Why are U+2028 and U+2029 handled unlike \r and \n?
October 17, 2023
https://github.com/dlang/dmd/blob/master/compiler/src/dmd/lexer.d#L578

Basically its in multi-byte UTF-8 character, checks if its in the non-ASCII character ranges. No special handling of new lines is provided, but probably should be.
October 17, 2023
On 10/16/2023 5:37 PM, Richard (Rikki) Andrew Cattermole wrote:
> https://github.com/dlang/dmd/blob/master/compiler/src/dmd/lexer.d#L578
> 
> Basically its in multi-byte UTF-8 character, checks if its in the non-ASCII character ranges. No special handling of new lines is provided, but probably should be.

Yes, please file a bugzilla!
October 17, 2023
On Tuesday, 17 October 2023 at 00:37:41 UTC, Richard (Rikki) Andrew Cattermole wrote:
> https://github.com/dlang/dmd/blob/master/compiler/src/dmd/lexer.d#L578
>
> Basically its in multi-byte UTF-8 character, checks if its in the non-ASCII character ranges. No special handling of new lines is provided, but probably should be.

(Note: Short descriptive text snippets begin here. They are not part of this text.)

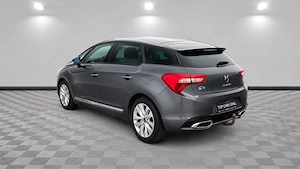 Citroen DS5 2015 Automat 2015 - imagine 9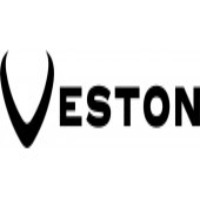 Veston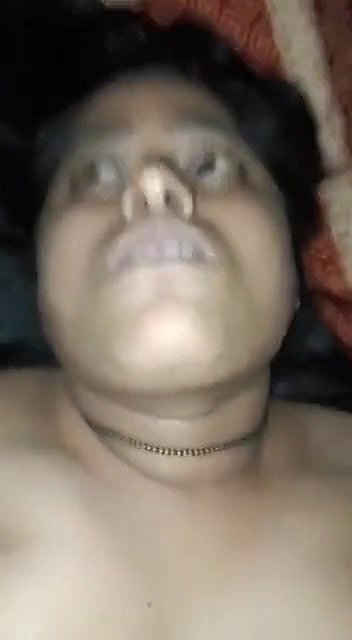 painful fat Desi pussy fucking MMS
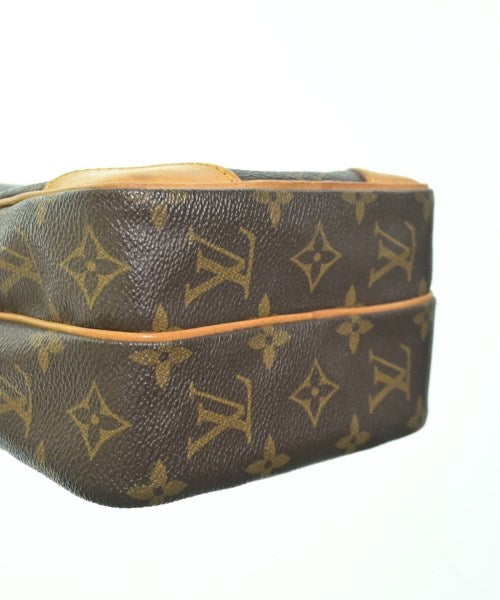 LOUIS VUITTON กระเป๋าสะพาย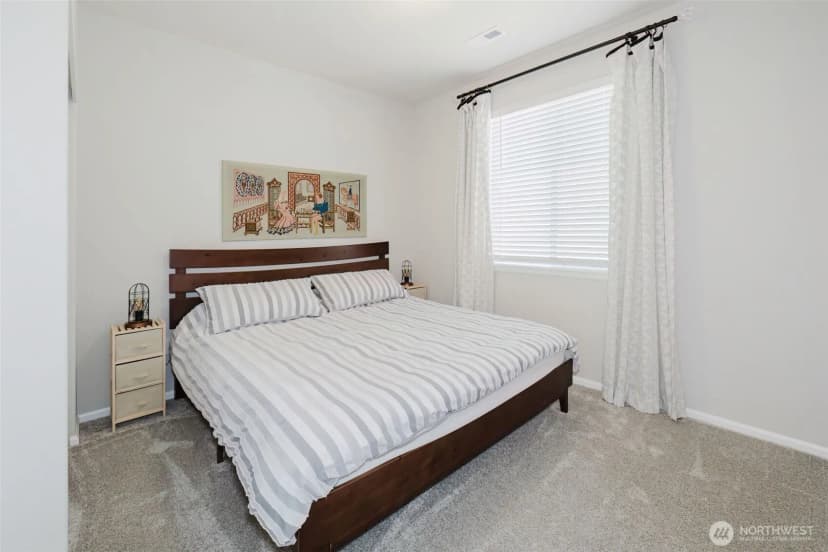 Property photo for 909 Timberline Avenue, Bremerton photo 23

I've noticed that in the past, but this is clearly wrong. It's not just whitespace, it's also punctuation, emoji, a ton of stuff that are just not identifiers.

The lexer should match the proper charset as a character start.
October 18, 2023
https://issues.dlang.org/show_bug.cgi?id=24190
October 17, 2023
On 10/17/2023 4:18 PM, deadalnix wrote:
> this is clearly wrong.

I blame my parents.